The commuter rail line proposal uses the existing North Carolina Railroad corridor and the tracks that already run through Wake and Durham counties. The commuter rail line would share track with Amtrak and freight trains.
GoTriangle estimates the new commuter rail service would serve 7,500 to 10,000 people a day.
Details on the rail line
The plan calls for eight trains each way during peak morning and evening commute times, two trains each way during the day and two again after the evening rush.
The new line would use some existing stations, like Raleigh Union Station and the downtown Durham train station, but would also add stations along the route. The plan has 15 stations between West Durham and Clayton.
Many of the stations would include lots for park and ride, with bigger lots in suburban areas like Cary and Clayton.
The Triangle’s commuter rail plan is different from traditional commuter rail in places like Long Island, New York and the San Francisco Bay Area.
“In most places, commuter rail systems are built to bring people from the suburbs to job centers downtown. But as we all know, the Triangle is a unique place in many ways,” GoTriangle spokeswoman Burgetta Wheeler said during a recent online presentation about the project.
A transit analysis found that as many as 96,000 Triangle commuters live in Wake and work in Durham or vice versa, so travel doesn’t just go in one direction in the mornings and back in the evenings.
The most frequent question they get about the rail project, Wheeler said, is about getting to the airport.
The commuter rail line will not make a stop at Raleigh Durham International Airport. But the proposed Morrisville station is near the airport and will include shuttles or another easy way to get from the train to the airport, Wheeler said.
What about funding?
Voters in Wake and Durham counties already approved half-cent sales tax increases to help pay for public transit in the region.
Once the plans and studies for the commuter rail lines are complete and county leaders in Wake and Durham, and possibly Johnston, approve, GoTriangle can apply for federal funding to help pay for the project.
GoTriangle estimates the cost of the commuter rail line will be $1.4 billion to $2.1 billion.
The new infrastructure plan approved by Congress could give the project a bump.
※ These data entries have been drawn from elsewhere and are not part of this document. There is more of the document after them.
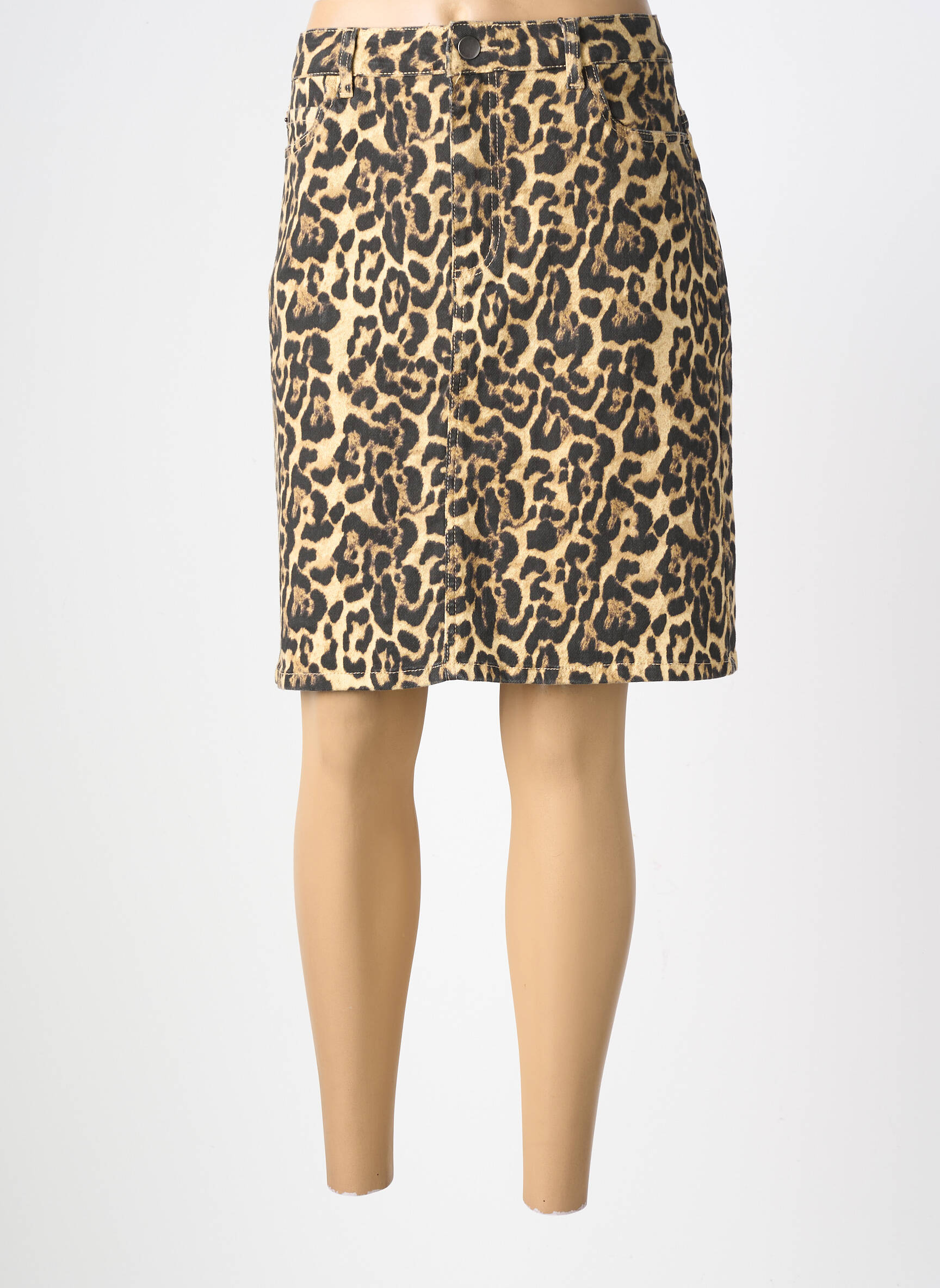 Jupe mi-longue coupe droite beige KAFFE femme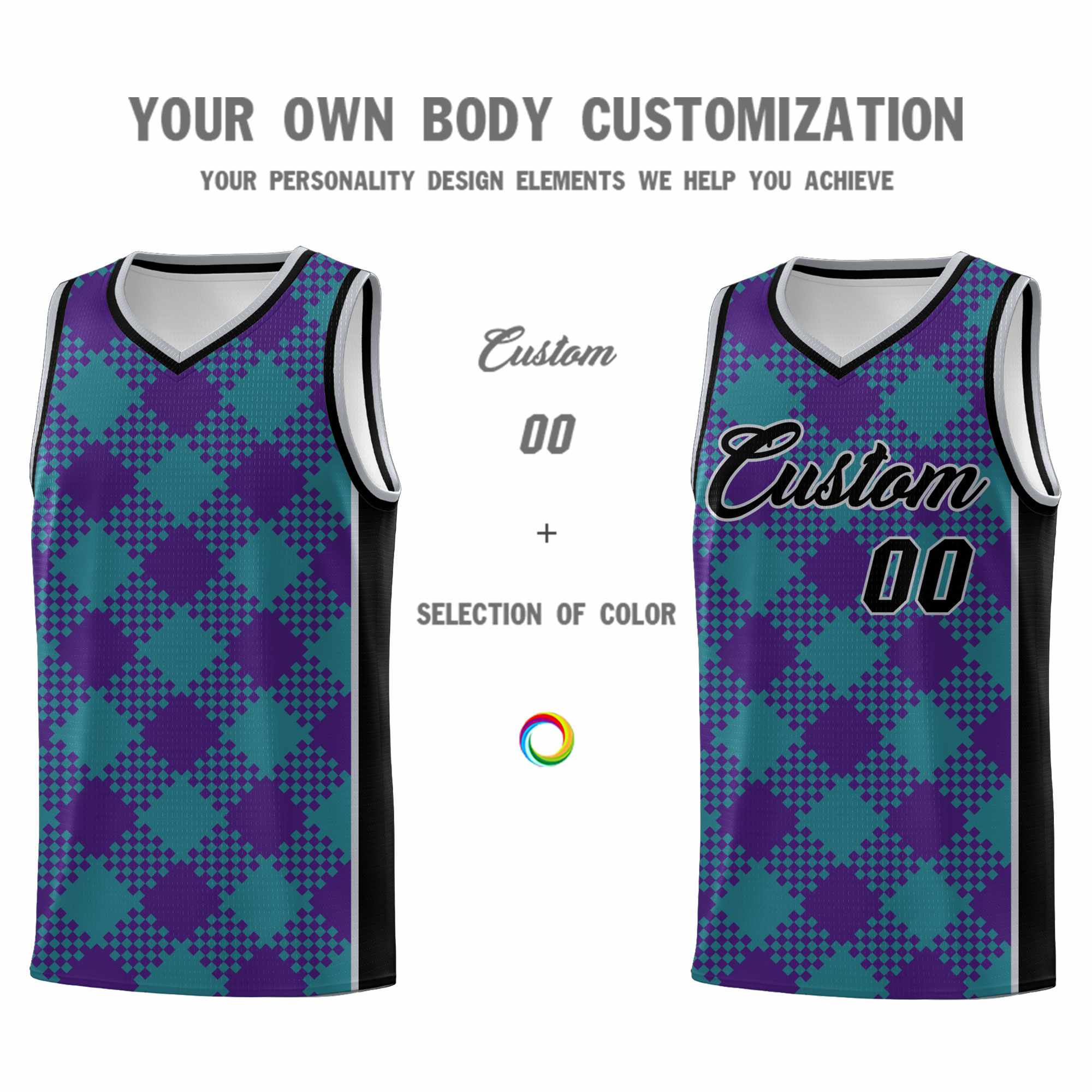 Personalized Purple Teal-Gray Grid Basketball Kits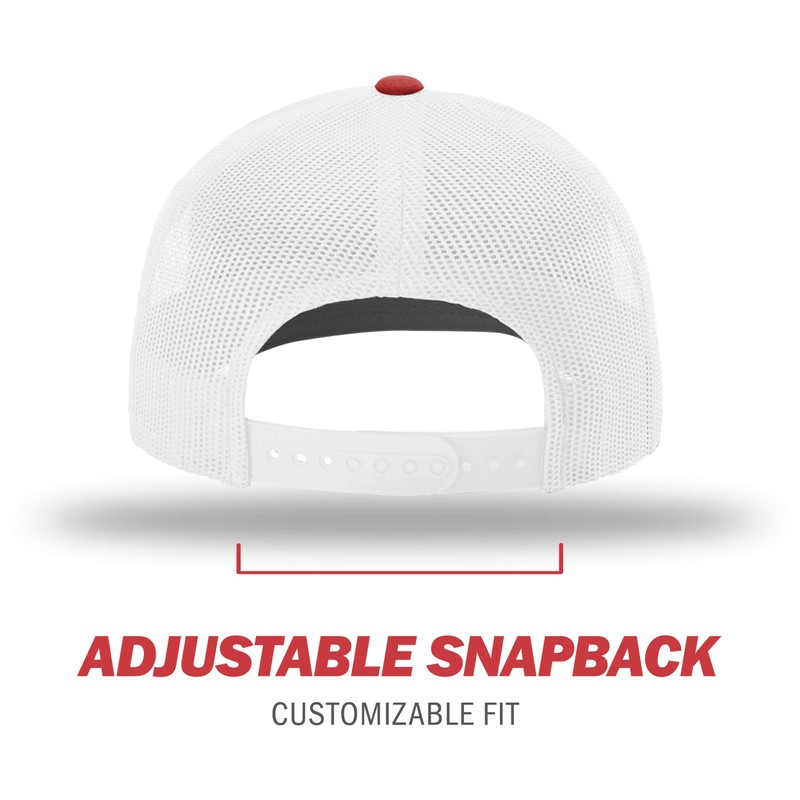Richardson Unisex 112 Trucker Adjustable Snapback Baseball Cap, Tri Black/White/Red,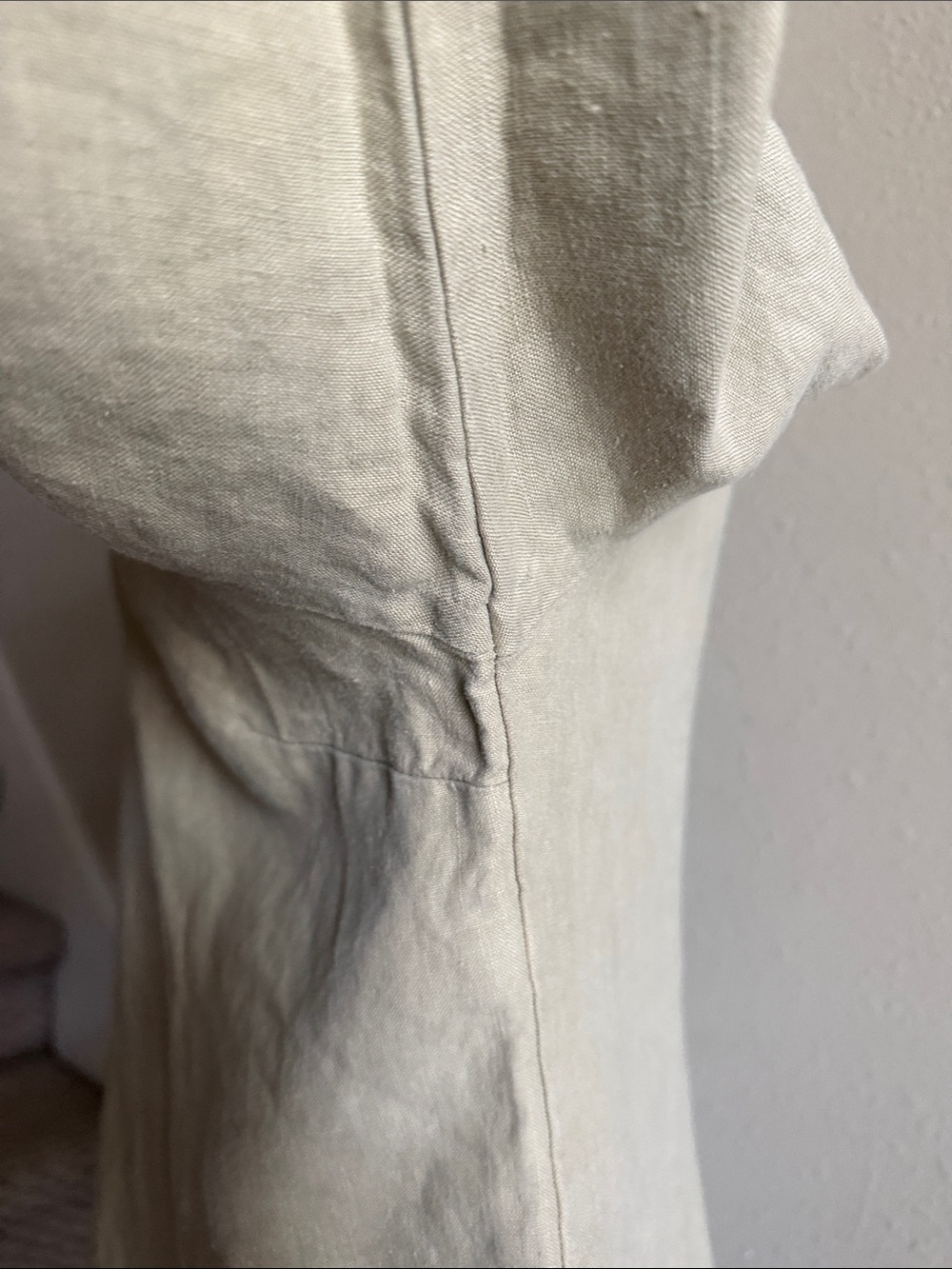 Cut Loose Sz XL Light Sage Linen v-necked Collared Top - Picture 3 of 13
Nationally, the bipartisan spending plan includes $66 billion for public transit. North Carolina can expect about $40 million for transit, state Transportation Secretary Eric Boyette said after the plan became law last month.
“This bill is the largest investment ever in public transit. As our state and particularly the Triangle region continue to grow, our transit infrastructure has got to keep up with the population,” Rep. David Price said last month. “We can’t solve long commuting lines simply by building another lane and another lane out on I-40.”
“Shovel ready” projects like the commuter rail proposal are exactly the kind of transit projects the Biden administration is looking to fund with the new infrastructure money, Price said.